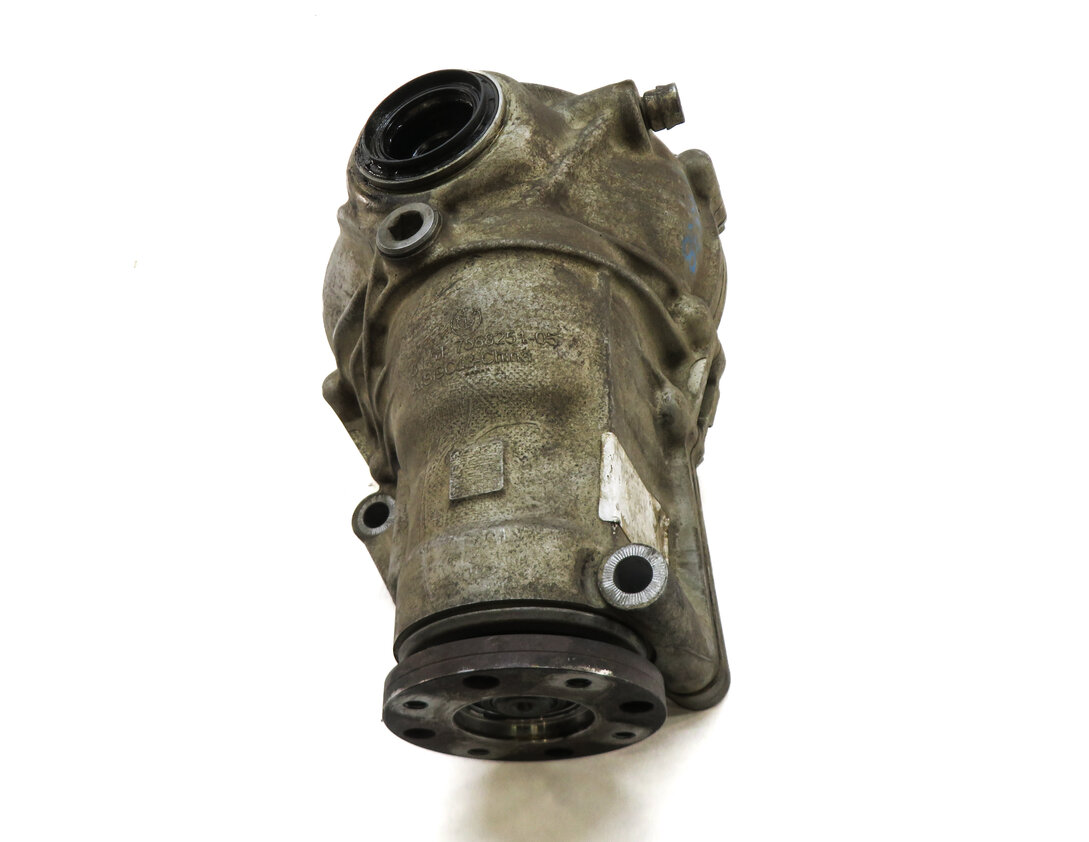 Thumbnail 2: 11-17 BMW X5 X6 (E70 E71) 3.0L / 4.4L TURBO FRONT DIFFERENTIAL GEAR CARRIER 3.15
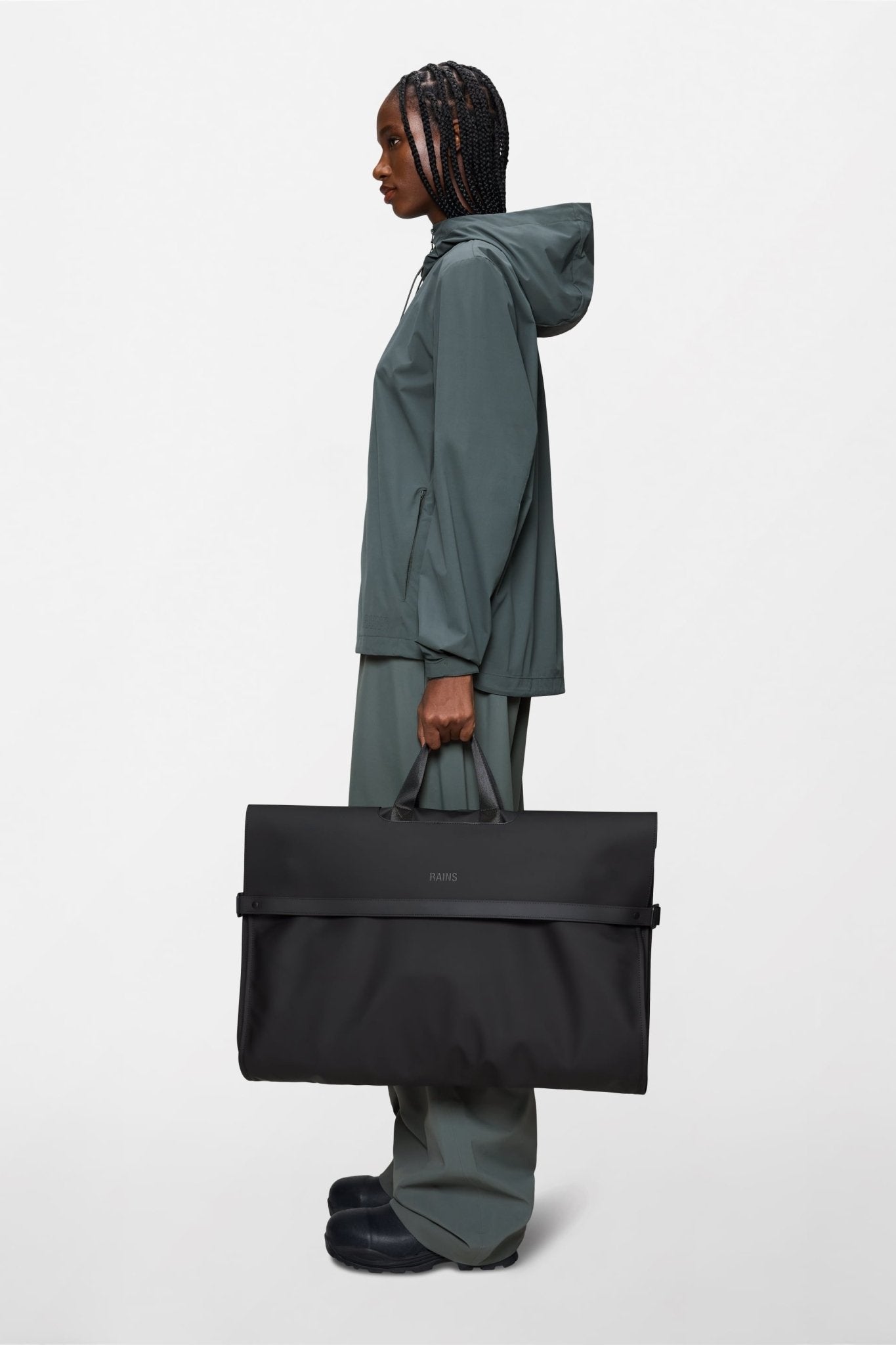 RAINS - OTG Suit Bag W3 - Boutique Bubbles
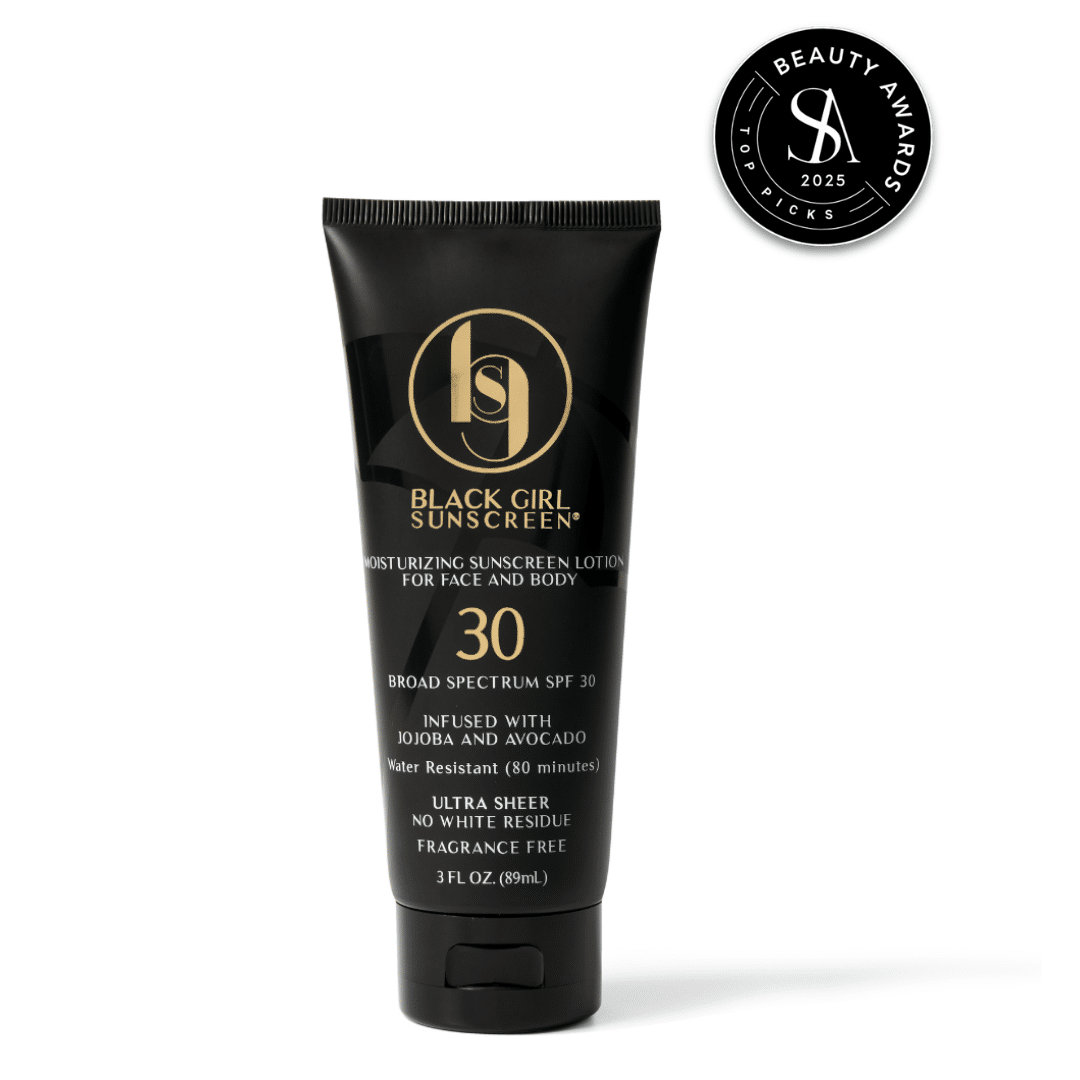 Black Girl Sunscreen — SPF That Actually Works on Melanin-Rich Skin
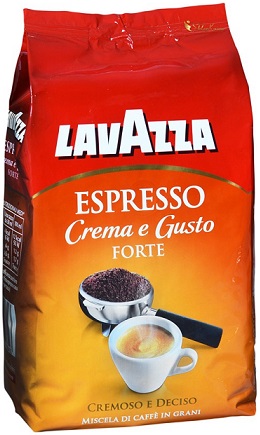 Lavazza Crema e Gusto Espresso Forte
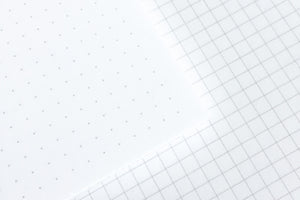 Graph and Dotted Grid Pages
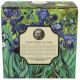 Filiżanka z dzbankiem spodkiem i zaparzaczem IRISES by V. van Gogh - 300/350 ml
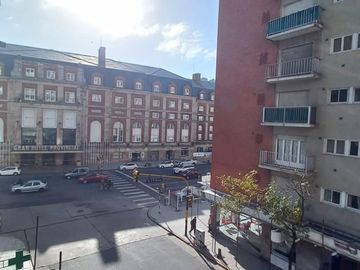 VENTA departamento Plaza Colón Mar del Plata 2 ambientes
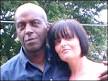 Sandy Daniel and Fiona Newton. The estranged couple were believed to have ... - _45899367_couple_226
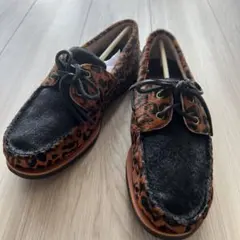 新品未使用 WACKO MARIA × TIMBERLAND レオパード 28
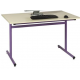 Table informatique Lola piet fixe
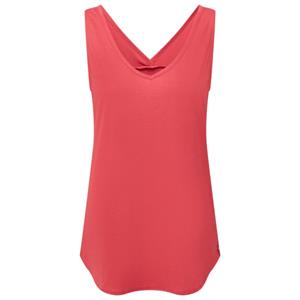 Sherpa  Women's Bali V-Neck Tank - Top, rood
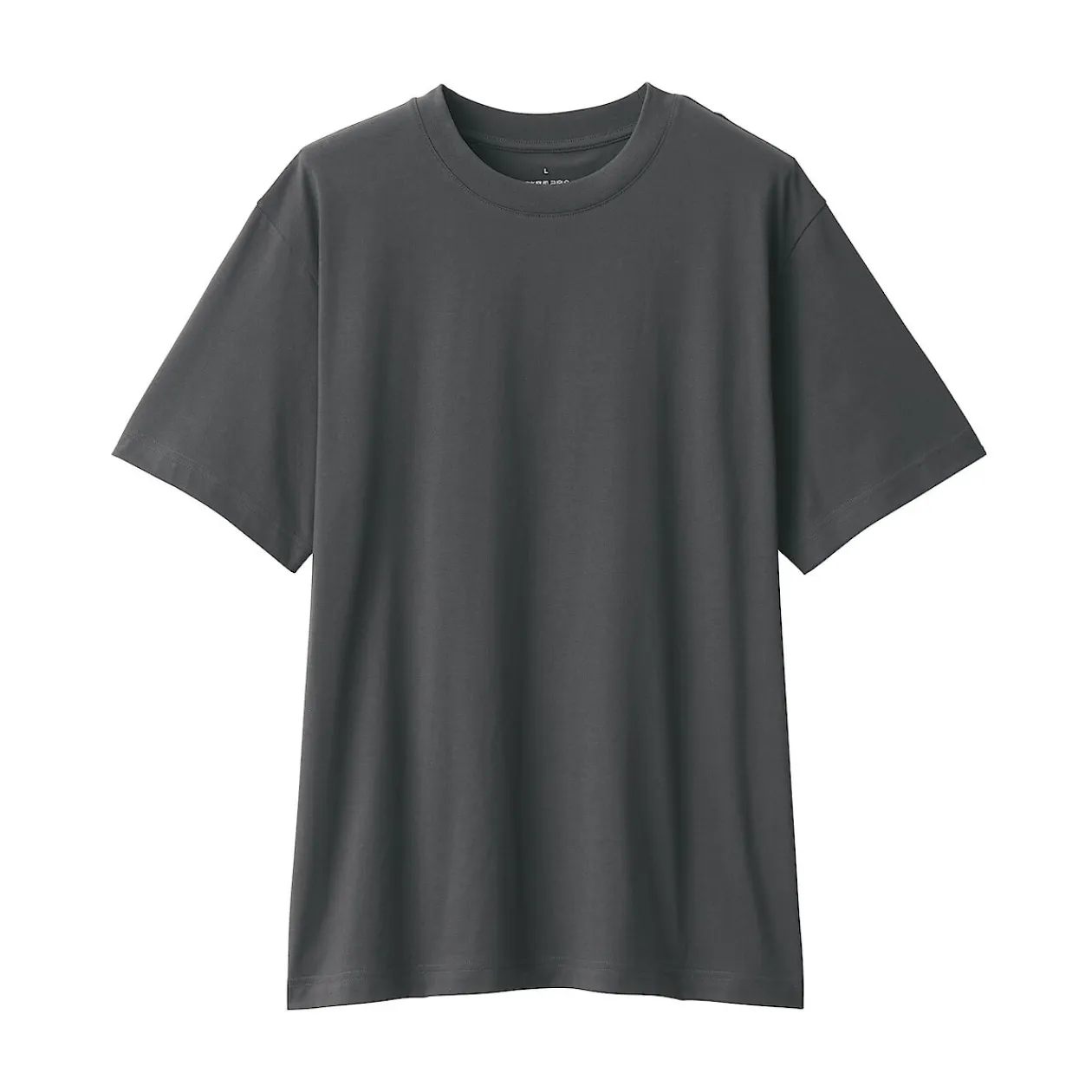 Hauts Et T‐Shirts^Muji T‐shirt en jersey pour homme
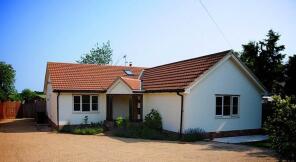 Partacre, The Street, Westhorpe IP14 4ST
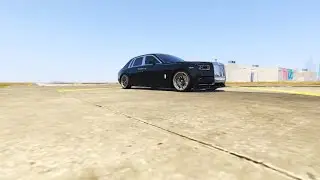 Rolls-Royce Can Drift Better Than Sports car (NO SHORTS)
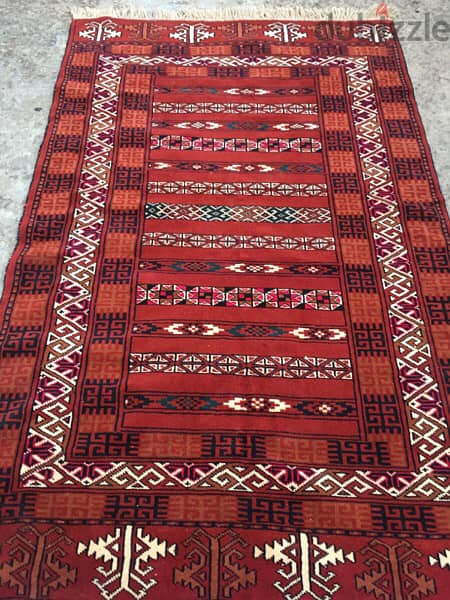 سجادة عجمية. شغل يدوي. Persian Carpet. Hand made 3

= = = =

Task goal - Reproduce every entry above exactly, and omit the pictures.

Task solution -
 Thumbnail 2: 11-17 BMW X5 X6 (E70 E71) 3.0L / 4.4L TURBO FRONT DIFFERENTIAL GEAR CARRIER 3.15
 RAINS - OTG Suit Bag W3 - Boutique Bubbles
 Black Girl Sunscreen — SPF That Actually Works on Melanin-Rich Skin
 Lavazza Crema e Gusto Espresso Forte
 Graph and Dotted Grid Pages
 Filiżanka z dzbankiem spodkiem i zaparzaczem IRISES by V. van Gogh - 300/350 ml
 VENTA departamento Plaza Colón Mar del Plata 2 ambientes
 Sandy Daniel and Fiona Newton. The estranged couple were believed to have ... - _45899367_couple_226
 新品未使用 WACKO MARIA × TIMBERLAND レオパード 28
 Table informatique Lola piet fixe
 Sherpa  Women's Bali V-Neck Tank - Top, rood
 Hauts Et T‐Shirts^Muji T‐shirt en jersey pour homme
 Partacre, The Street, Westhorpe IP14 4ST
 Rolls-Royce Can Drift Better Than Sports car (NO SHORTS)
 سجادة عجمية. شغل يدوي. Persian Carpet. Hand made 3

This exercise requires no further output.